The investigation into the disappearance of Nancy Guthrie remains active and ongoing. The Pima County Sheriff's Department continues to work closely with the FBI as investigators follow up on leads, review information and pursue the facts surrounding this case.
— Pima County Sheriff's Department representative
Somebody knows something. My family cannot be at peace. We need your help.
— Savannah Guthrie, in a public plea
The Hearth Conversation Another angle on the story
Inventor

Why would someone claim to have this evidence but ask for payment instead of going to authorities directly?

Model

That's the question investigators are asking too. It could be extortion—someone who genuinely has something, or someone who's gambling that the family or media will pay before verification. It could also be someone who fears legal consequences for their own involvement.

Inventor

The sender seems to know a lot of specific details. Does that make the claim more credible?

Model

It makes it harder to dismiss outright. But details can be gathered from news coverage, from being present at the scene, or from genuine knowledge. TMZ's authentication—that this is the same person as before—matters more than any single claim.

Inventor

Why did the sender bother to deny involvement in the Mexico tip?

Model

Because it undermines credibility. If you're trying to sell yourself as someone with real evidence, you don't want to be associated with false leads that wasted resources and raised doubts.
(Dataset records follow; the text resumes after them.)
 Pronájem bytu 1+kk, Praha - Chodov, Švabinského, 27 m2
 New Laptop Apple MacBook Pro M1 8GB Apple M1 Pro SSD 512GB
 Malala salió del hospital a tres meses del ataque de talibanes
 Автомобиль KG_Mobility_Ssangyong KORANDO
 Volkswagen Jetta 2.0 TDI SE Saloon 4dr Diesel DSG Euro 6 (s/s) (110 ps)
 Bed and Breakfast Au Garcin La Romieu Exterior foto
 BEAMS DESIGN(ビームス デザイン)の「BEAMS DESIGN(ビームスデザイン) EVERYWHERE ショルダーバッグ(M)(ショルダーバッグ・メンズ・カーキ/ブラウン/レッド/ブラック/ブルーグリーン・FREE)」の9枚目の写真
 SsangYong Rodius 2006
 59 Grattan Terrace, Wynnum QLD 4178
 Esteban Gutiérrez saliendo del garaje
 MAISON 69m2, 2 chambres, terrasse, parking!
It's a way of saying: I'm serious, I'm not the crank who sent that.

Inventor

What does Savannah Guthrie's silence mean?

Model

She's likely been advised by lawyers and the FBI not to comment on active leads. But her earlier statement—that she's in agony, that her family cannot be at peace—tells you this isn't abstract. She's waiting for someone to bring her mother home, or at minimum, to tell her what happened.

Inventor

If the video exists and shows what the sender claims, what changes?

Model

Everything. It would be evidence. It would confirm Nancy was alive at a specific moment. It might show who took her and what happened next. But first, someone has to prove the video is real.